::: PROVIDED MATERIAL :::

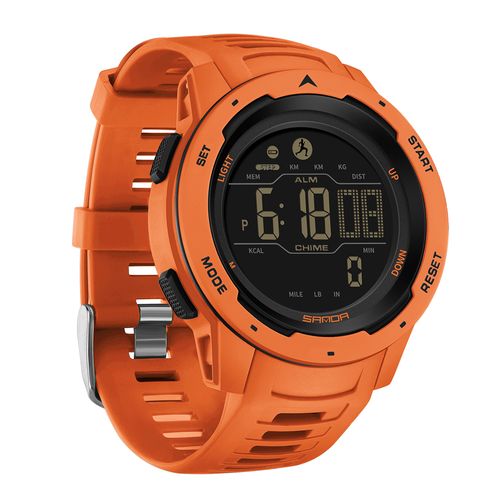 Reloj Hombre SANDA 2145 STAR Naranja Digital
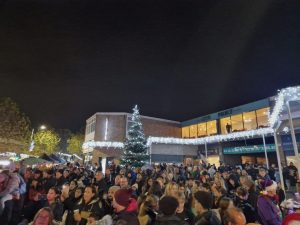 Oadby Lights switch on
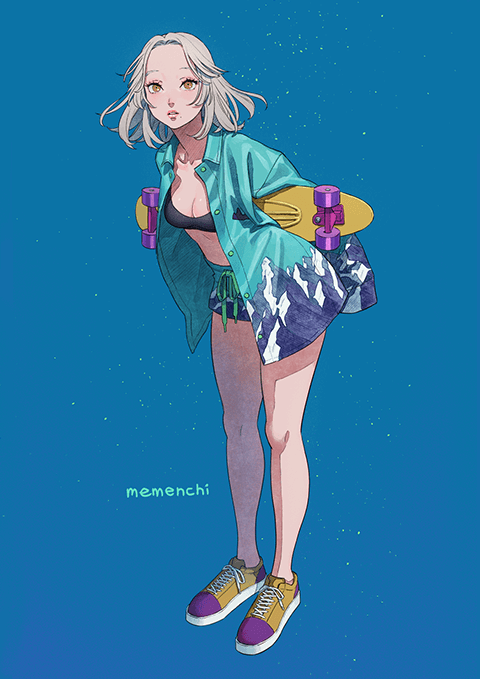 Coloso めめんち 多彩なコンセプトの女の子キャラクターデザイン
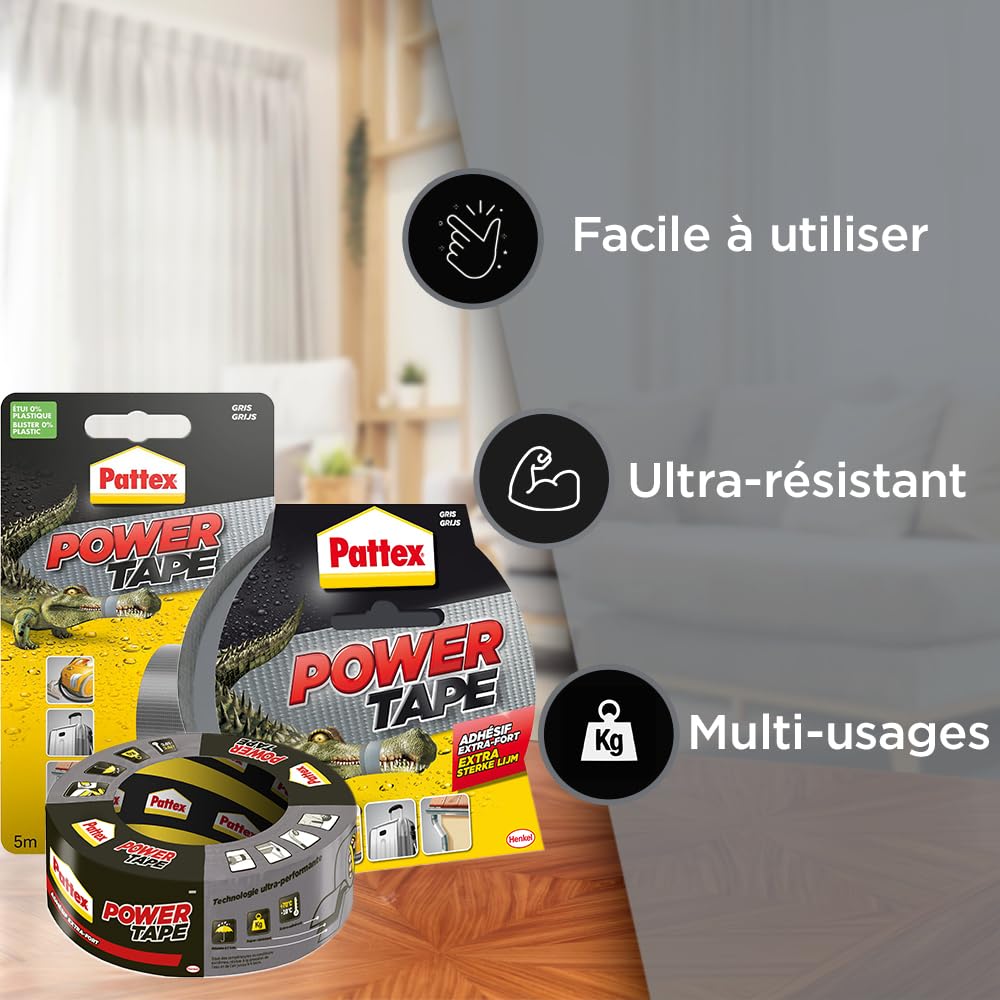 pattex-power-tape-gris-extra-fort-48-mm-x-10-m image 5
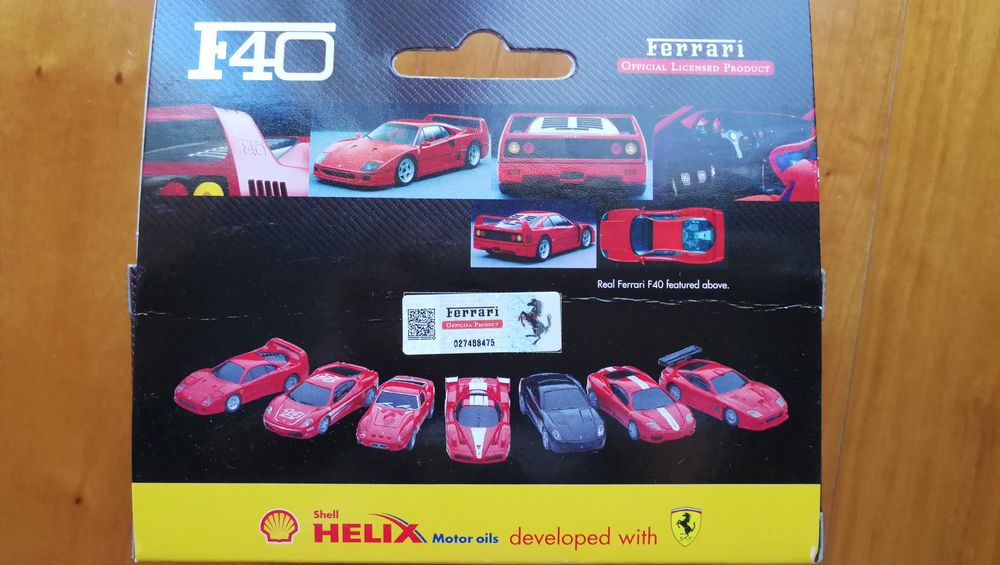 Coleção Ferrari Shell 1:38 Estado Impecável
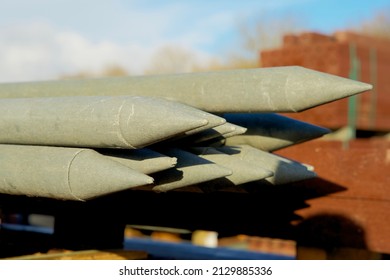 Pile Of Circular And Sustainable Construction Material Made From Recycled Waste Plastics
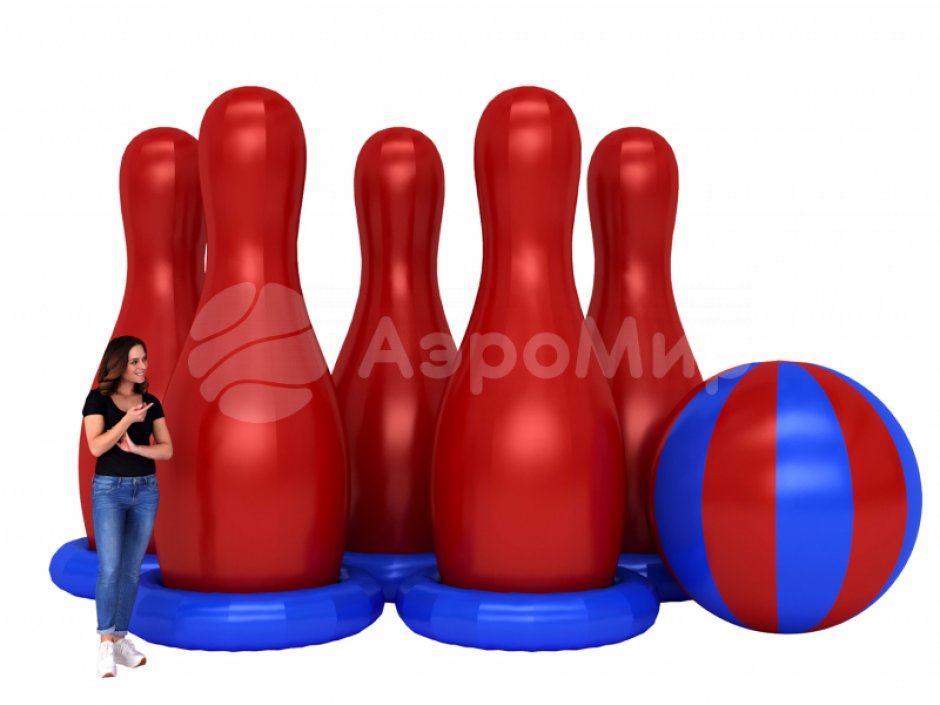 Командный игровой реквизит Мега кегли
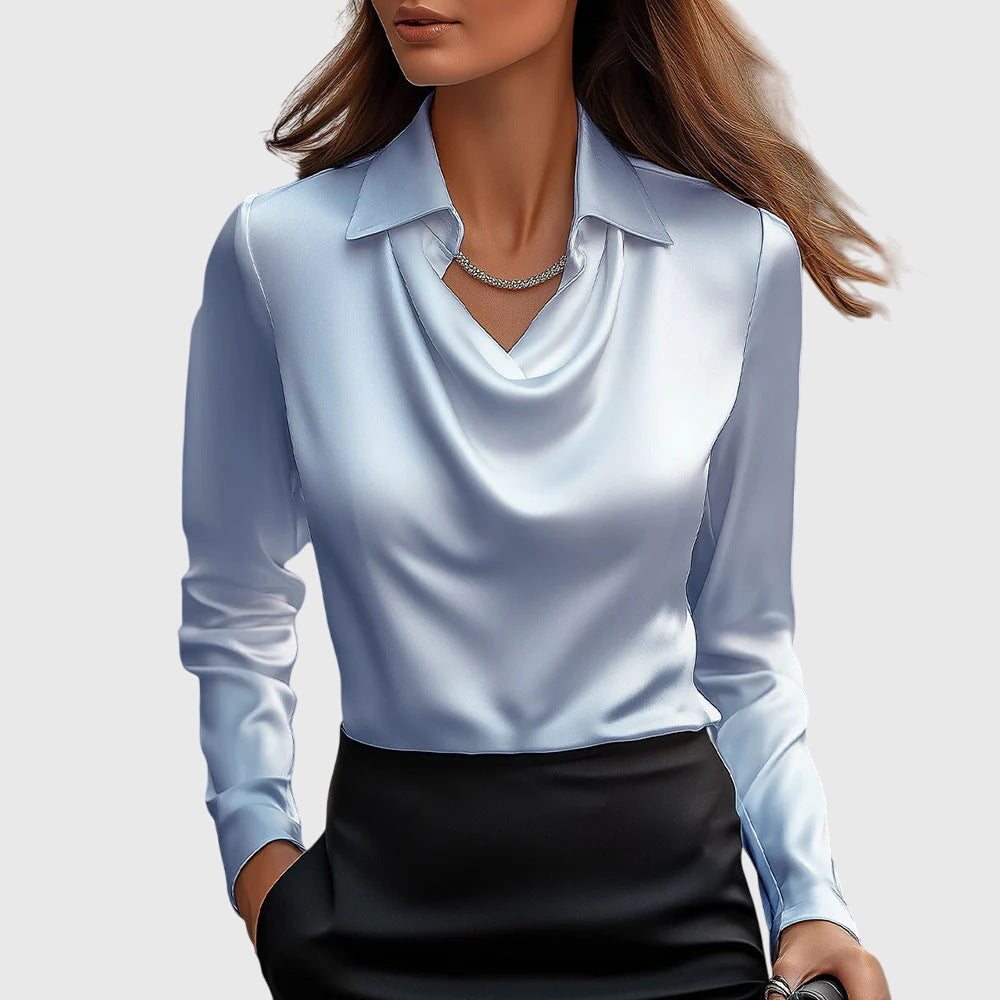 BROOKLYN | PLEATED NECK BLOUSE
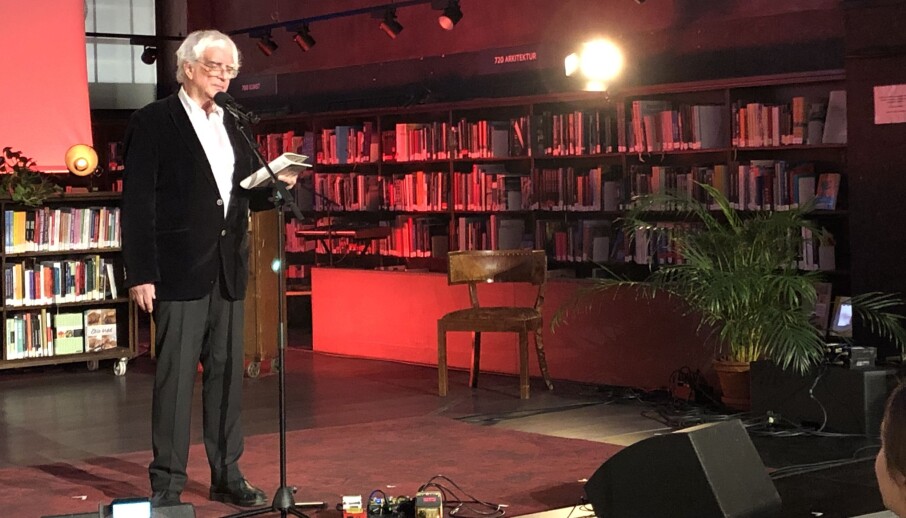 Forfatter Jan Erik Vold leste dikt Forfatter Jan Erik Vold leste dikt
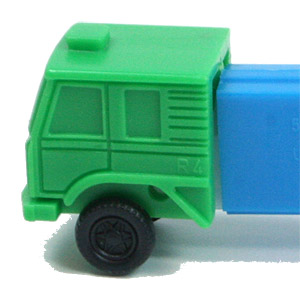 PEZ - Trucks - Series D - Cab #R4 - Green Cab - B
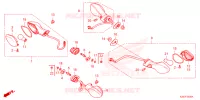 KNIPPERLICHT voor Honda MSX 125 SPECIAL 2023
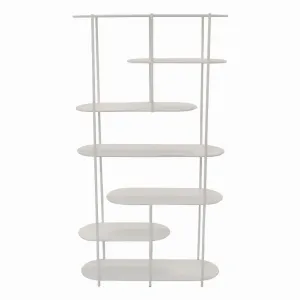 Plutus PBTH92271 Metal Plant Stand In White Metal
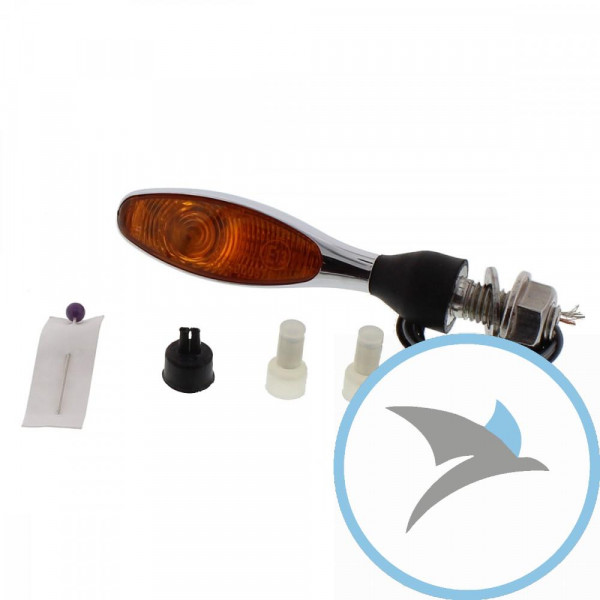 Blinkleuchte chrom Micro 1000 - 123100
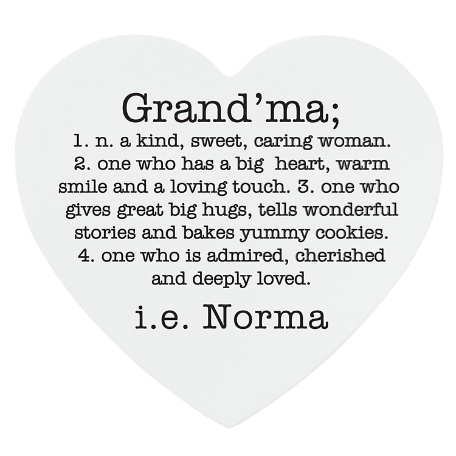 Define Her Wood Heart - Grandma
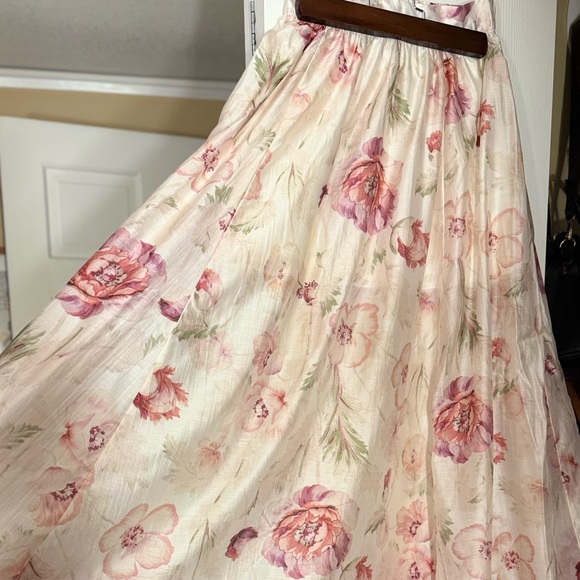 H&M Floral A-Line Skirt - Pink and Cream - Picture 5 of 10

:::

EXERCISE REQUIREMENTS: Return every entry above word for word, leaving pictures out.

TASK ANSWER:
 Reloj Hombre SANDA 2145 STAR Naranja Digital
 Oadby Lights switch on
 Coloso めめんち 多彩なコンセプトの女の子キャラクターデザイン
 pattex-power-tape-gris-extra-fort-48-mm-x-10-m image 5
 Coleção Ferrari Shell 1:38 Estado Impecável
 Pile Of Circular And Sustainable Construction Material Made From Recycled Waste Plastics
 Командный игровой реквизит Мега кегли
 BROOKLYN | PLEATED NECK BLOUSE
 Forfatter Jan Erik Vold leste dikt Forfatter Jan Erik Vold leste dikt
 PEZ - Trucks - Series D - Cab #R4 - Green Cab - B
 KNIPPERLICHT voor Honda MSX 125 SPECIAL 2023
 Plutus PBTH92271 Metal Plant Stand In White Metal
 Blinkleuchte chrom Micro 1000 - 123100
 Define Her Wood Heart - Grandma
 H&M Floral A-Line Skirt - Pink and Cream - Picture 5 of 10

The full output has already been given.